990GtCO2 (or 270GtC) is the carbon budget for 2012-2100 set out by UN scientists – the Intergovernmental Panel on Climate Change or IPCC. This is what will provide the world with a reasonable chance of limiting temperature increase to 2 degrees Celsius, the threshold of global dangerous irreversible climate impacts.
PwC’s Low Carbon Economy Index (LCEI) published here, considers the carbon intensity of the global economy against this carbon budget. Put simply, the results are alarming.
The global economy averaged a feeble 0.7% reduction in its carbon intensity between 2007 and 2012. At this projected rate of emissions and economic growth, we will have blown the global carbon budget by 2034, using up an 89-year budget in just 21.
The problem we face is that economic growth is currently too carbon intensive.
There is little question that economic growth is good for society in general. But the assumption that we can continue to grow will be seriously compromised, if food and water resources are threatened, if coastal population face inundation from sea level rise, or if the biodiversity and ecosystems that support us fail to function.
To keep within this budget, we now need to reduce carbon intensity by 6.0% a year, every year to 2100. We will need a virtually zero-carbon energy system by the end of the century.

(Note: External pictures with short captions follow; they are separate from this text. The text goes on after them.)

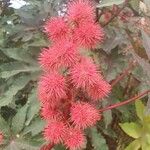 Ricinus communisফুল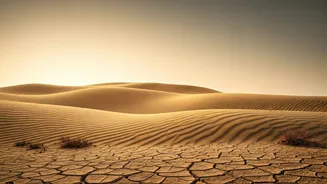 Jaisalmer Looks Unreal In Its Dry Monsoon Mood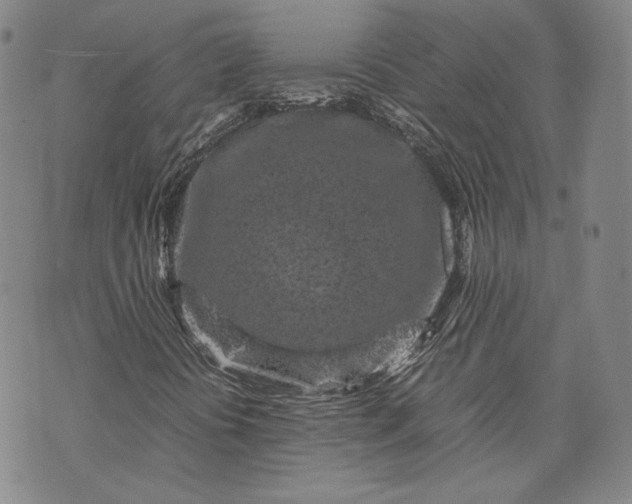 X0000071811394200607141558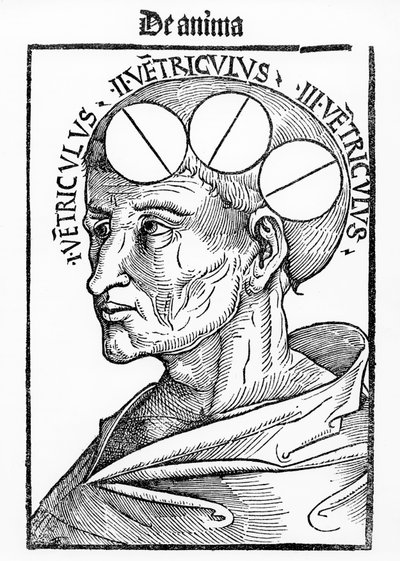 Cavities of the Brain, from Philosophia Naturalis by Albertus Magnus by German School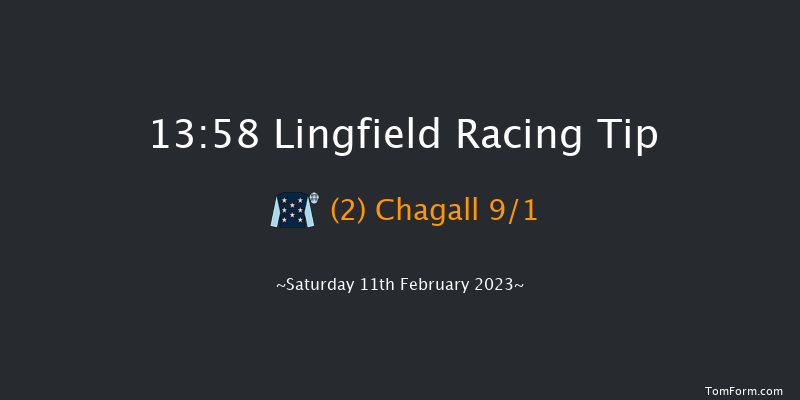 Lingfield 13:58 Stakes (Class 6) 8f Sat 4th Feb 2023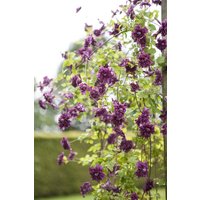 Kategorie <b>Produkt nicht gewünscht </b> - Clematis viticella 'Purpurea Plena Elegans'
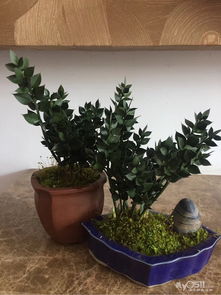 客厅植物越多越好？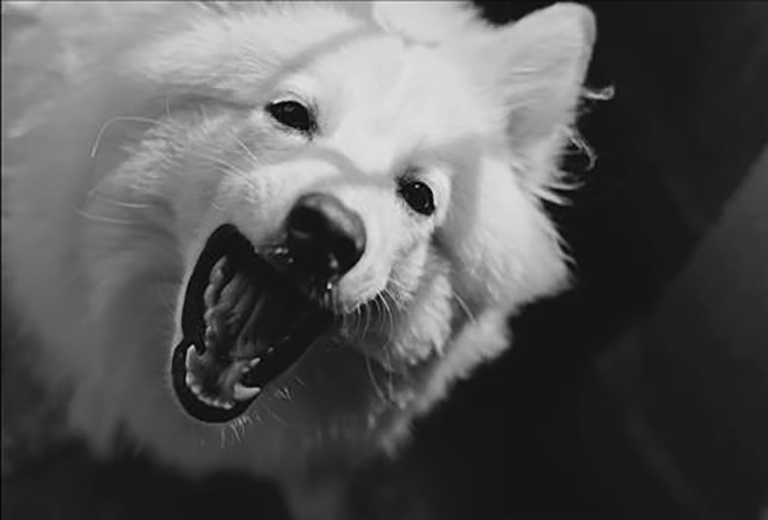 Xuat hien tieng cho sua dai dang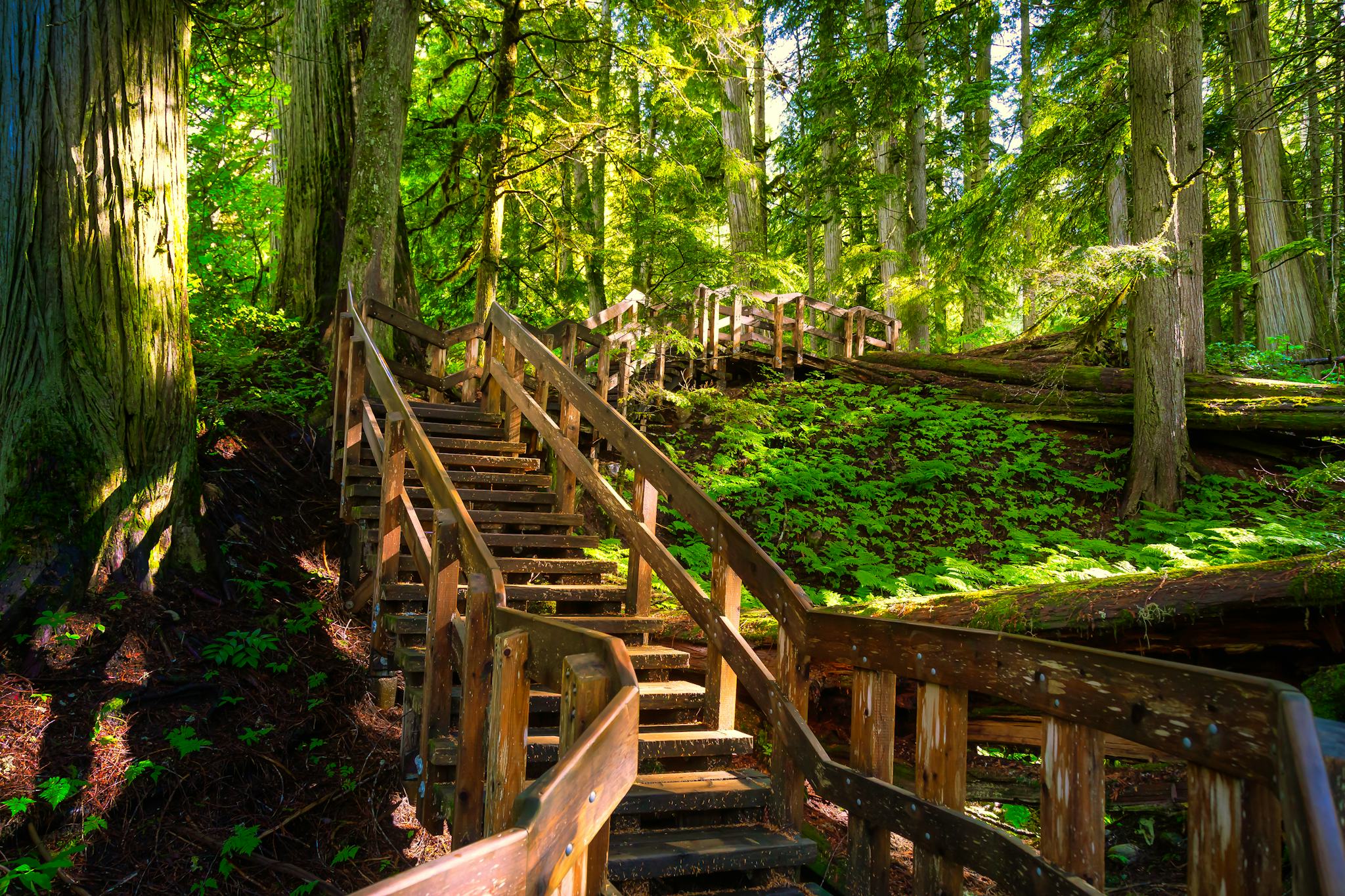 Sentier des Planches des Cèdres Géants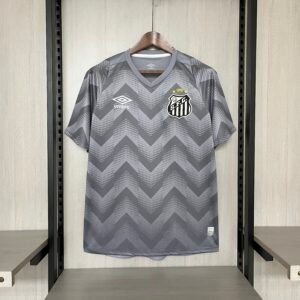 2024/25 Santos Grey Jersey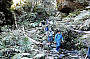 Hiking Half Day: Blue Mountains Grand Canyon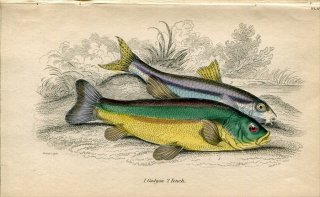 1845年 Jardine Naturalist's Library 魚類学 Pl.25 コイ科 テンチ属 テンチ Tench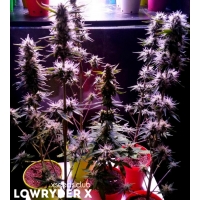 Lowryder(X)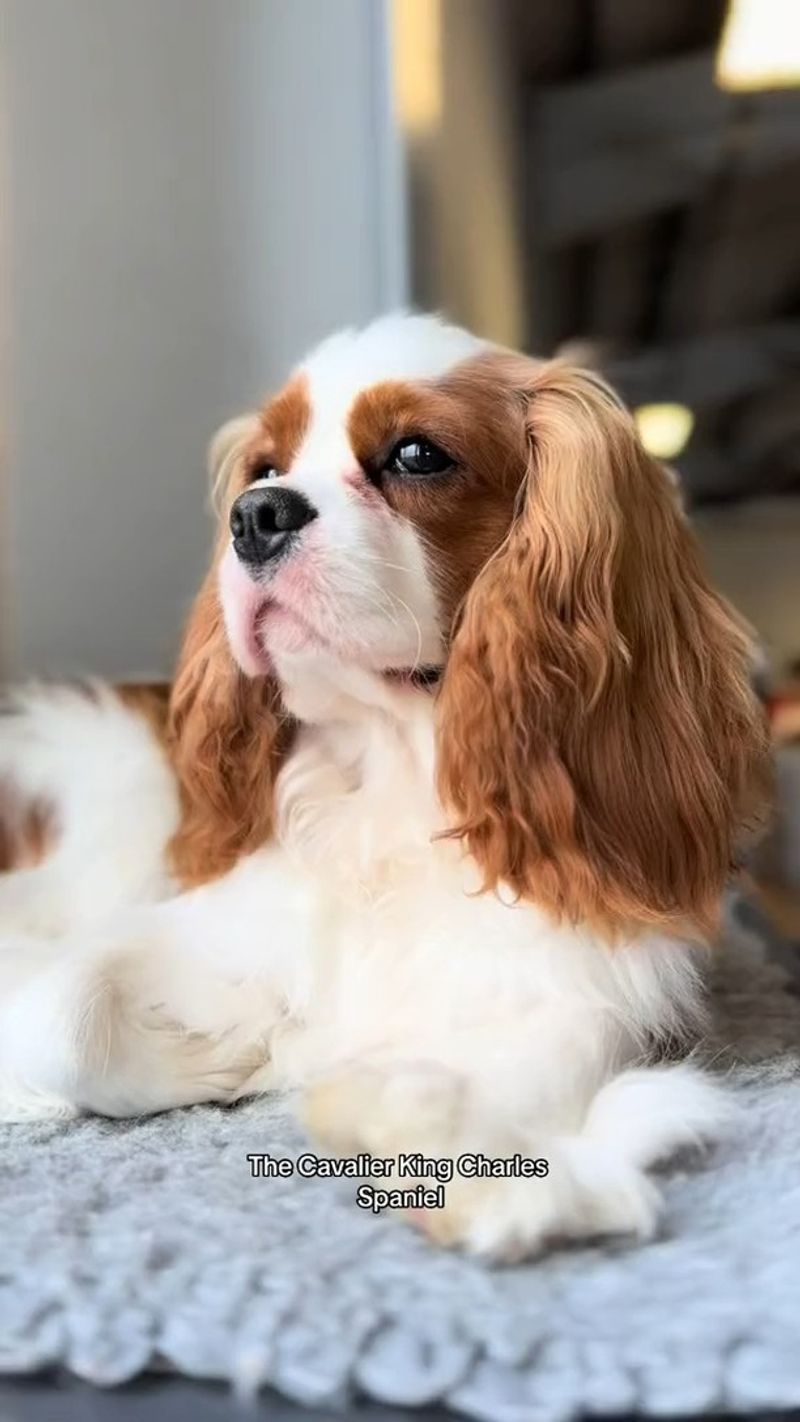 Cavalier King Charles Spaniel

Talking about zero-carbon at the end of the century may seem a faraway ideology, but to achieve that we need to halve our carbon intensity in the next ten years. Ten years is well within current decision making frameworks of politicians, businesses and civil society: the average US Senator stay in the Senate for 10.2 years (source: Congressional Research Service), the average CEO is in the top job for 8.1 years (source: Forbes), and the average time of an English owner-occupier in their home is 11 years (source: Office of National Statistics).
Decisions made today will determine not just whether we can grow out of a carbon addiction, but also whether we can preserve the assumption of long term, sustained economic growth. The fate of the global climate system, and some of the fundamentals of economic growth, could be sealed in 21 years. So it is perhaps ironic that 21 years ago in 1992, the UN Framework Convention of Climate Change (UNFCCC) was set up to combat climate change, and whether it is a success or failure would be decided 21 years later from today.